__Your instructions__. Each entry below needs to be transcribed verbatim; the images should not appear.
BEGIN
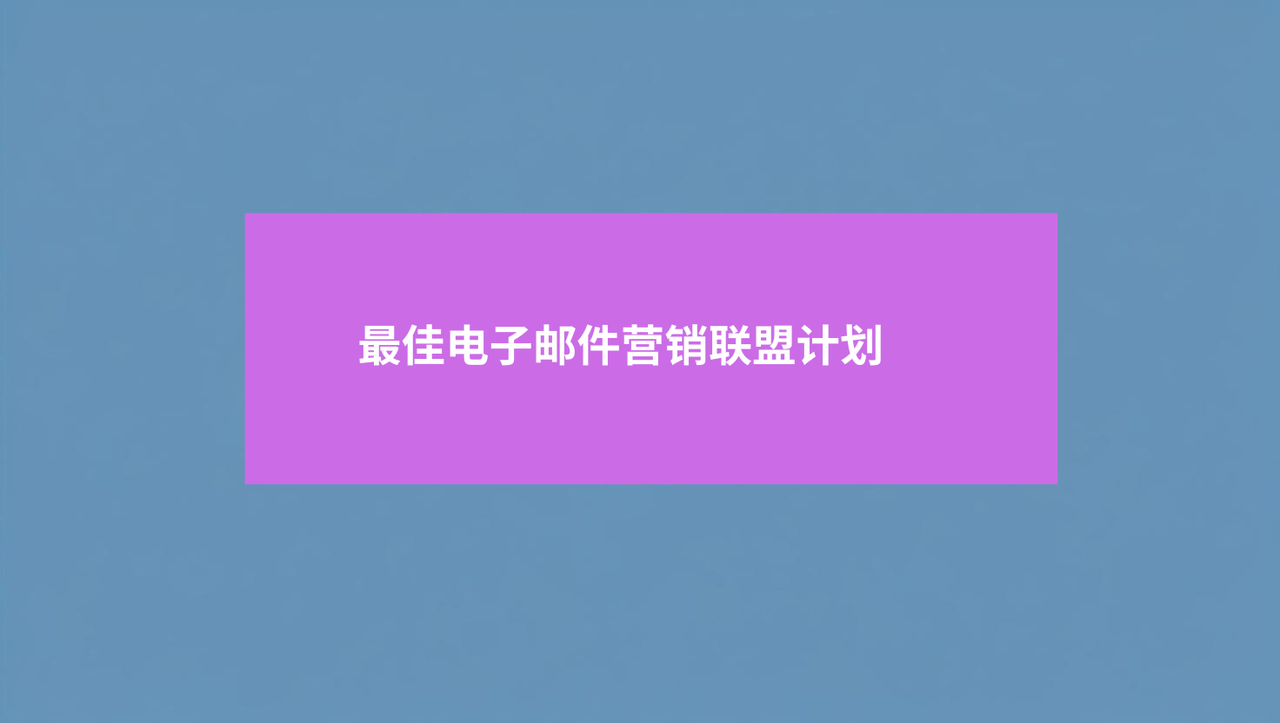 最佳电子邮件营销联盟计划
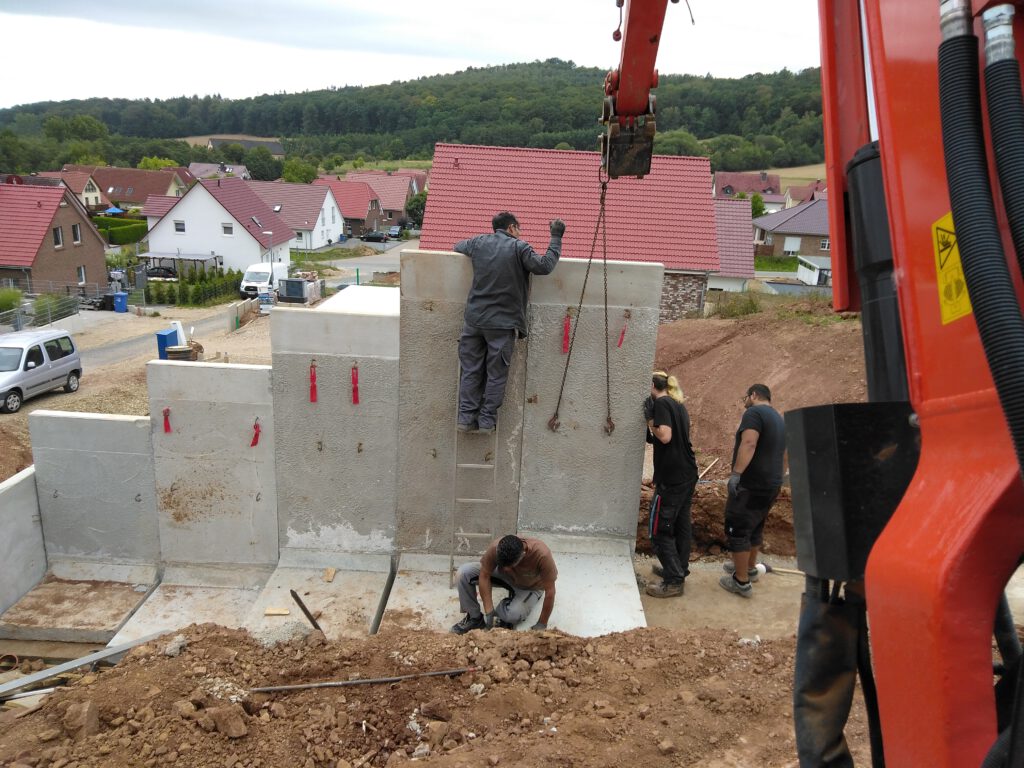 Winkelstützen setzen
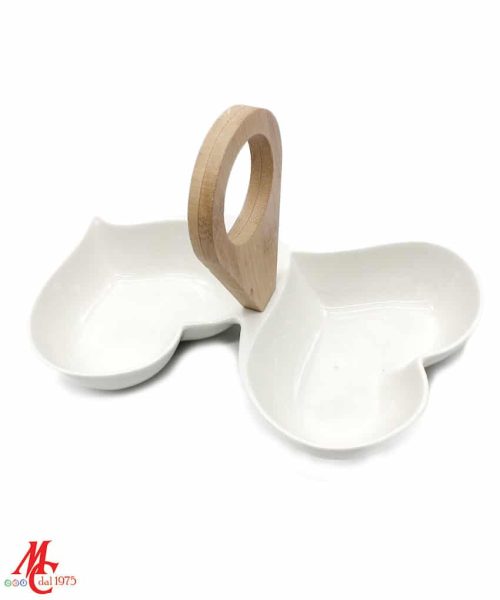 Bomboniera - Antipastiera Doppio Cuore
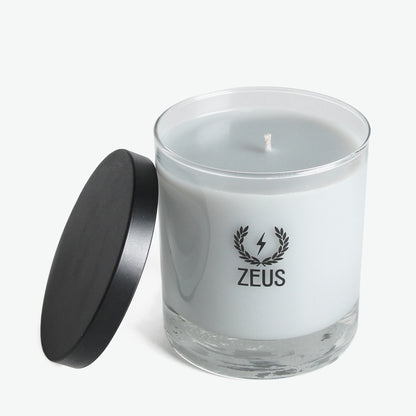 Zeus Scented Soy Blend Whiskey Glass Candle with lid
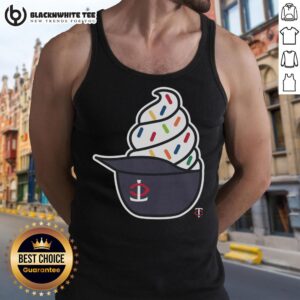 Pretty Minnesota Twins ice cream tank top featuring a vibrant design, perfect for summer baseball games and fans.
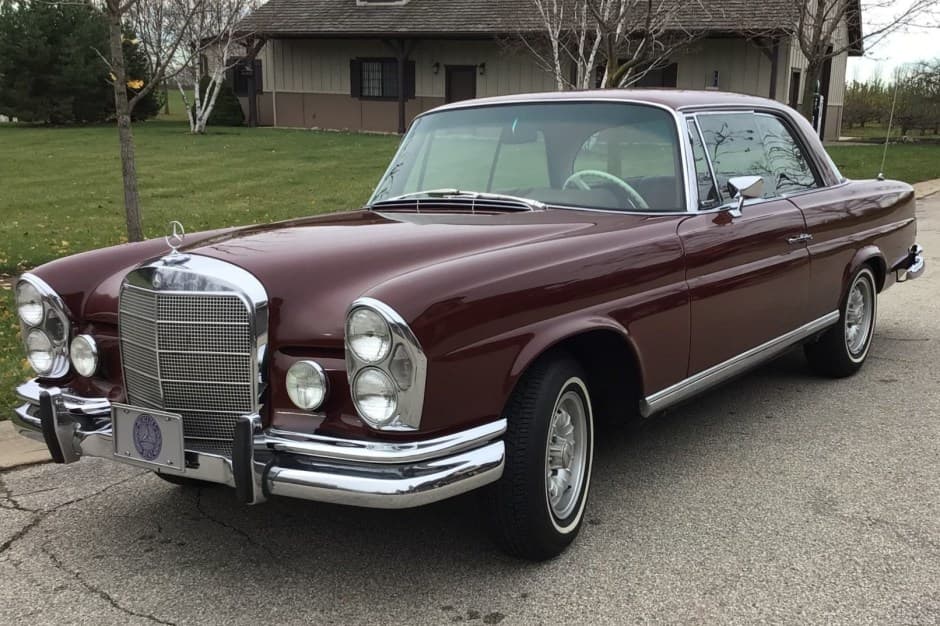 1967 Mercedes-Benz W111 Coupe & Cabriolet sold for $18,500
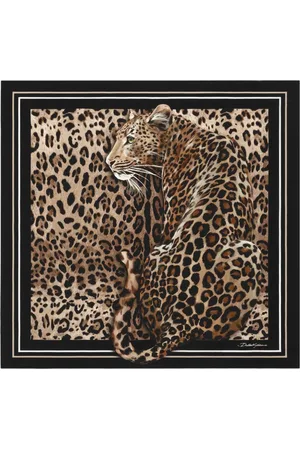 Dolce & Gabbana Leopard-print scarf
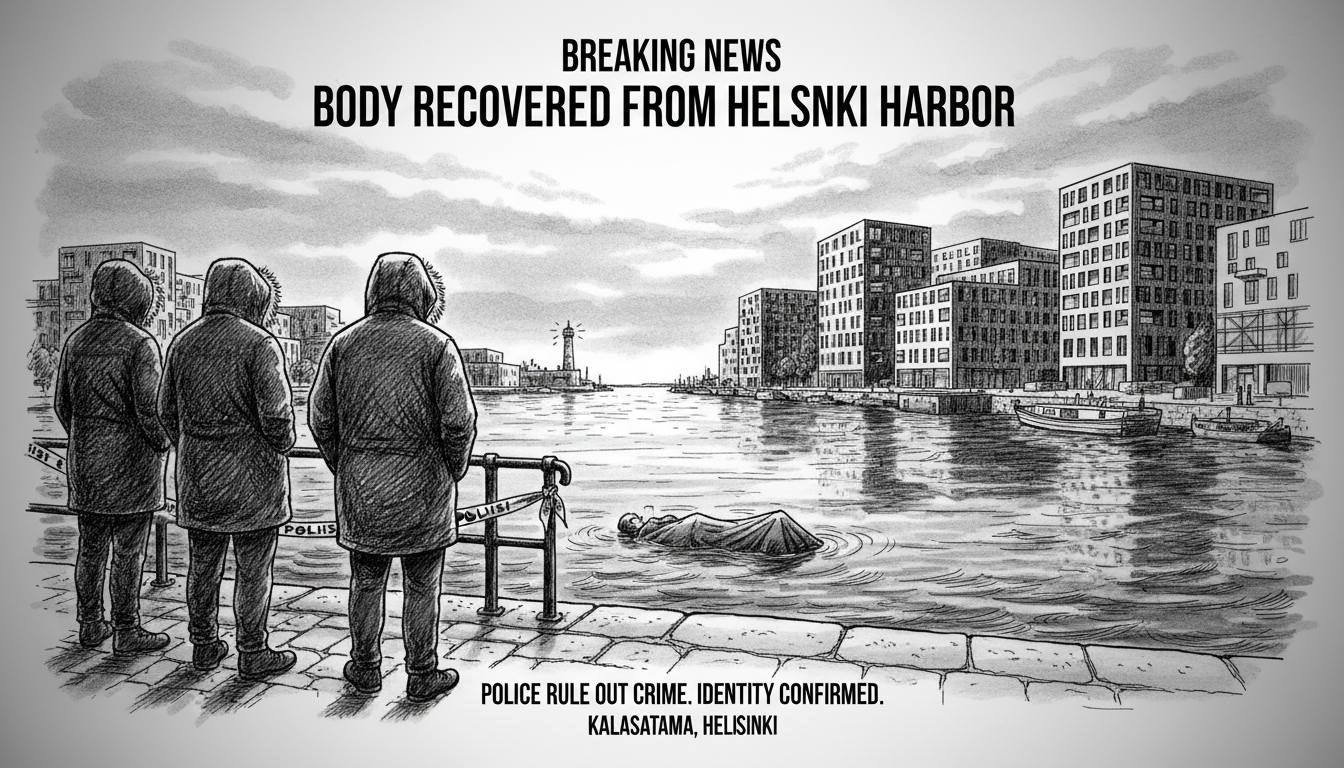 Body Recovered from Helsinki Harbor Waters, Police Rule Out Crime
END
__Task result__.
 最佳电子邮件营销联盟计划
 Winkelstützen setzen
 Bomboniera - Antipastiera Doppio Cuore
 Zeus Scented Soy Blend Whiskey Glass Candle with lid
 Pretty Minnesota Twins ice cream tank top featuring a vibrant design, perfect for summer baseball games and fans.
 1967 Mercedes-Benz W111 Coupe & Cabriolet sold for $18,500
 Dolce & Gabbana Leopard-print scarf
 Body Recovered from Helsinki Harbor Waters, Police Rule Out Crime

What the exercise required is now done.